=== Begin Enclosure ===
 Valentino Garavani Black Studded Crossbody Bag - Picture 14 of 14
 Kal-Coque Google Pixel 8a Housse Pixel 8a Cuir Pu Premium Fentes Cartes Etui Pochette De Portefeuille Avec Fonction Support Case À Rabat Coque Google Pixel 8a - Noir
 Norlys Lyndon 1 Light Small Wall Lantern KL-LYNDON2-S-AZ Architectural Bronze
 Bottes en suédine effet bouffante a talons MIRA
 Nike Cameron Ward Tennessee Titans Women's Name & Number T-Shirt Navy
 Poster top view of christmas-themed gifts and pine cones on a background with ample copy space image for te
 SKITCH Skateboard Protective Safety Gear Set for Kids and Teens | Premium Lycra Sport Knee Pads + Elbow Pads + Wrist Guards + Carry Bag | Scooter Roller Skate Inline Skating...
=== End Enclosure ===
Would you write out the data exactly as it reads?

 Valentino Garavani Black Studded Crossbody Bag - Picture 14 of 14
 Kal-Coque Google Pixel 8a Housse Pixel 8a Cuir Pu Premium Fentes Cartes Etui Pochette De Portefeuille Avec Fonction Support Case À Rabat Coque Google Pixel 8a - Noir
 Norlys Lyndon 1 Light Small Wall Lantern KL-LYNDON2-S-AZ Architectural Bronze
 Bottes en suédine effet bouffante a talons MIRA
 Nike Cameron Ward Tennessee Titans Women's Name & Number T-Shirt Navy
 Poster top view of christmas-themed gifts and pine cones on a background with ample copy space image for te
 SKITCH Skateboard Protective Safety Gear Set for Kids and Teens | Premium Lycra Sport Knee Pads + Elbow Pads + Wrist Guards + Carry Bag | Scooter Roller Skate Inline Skating...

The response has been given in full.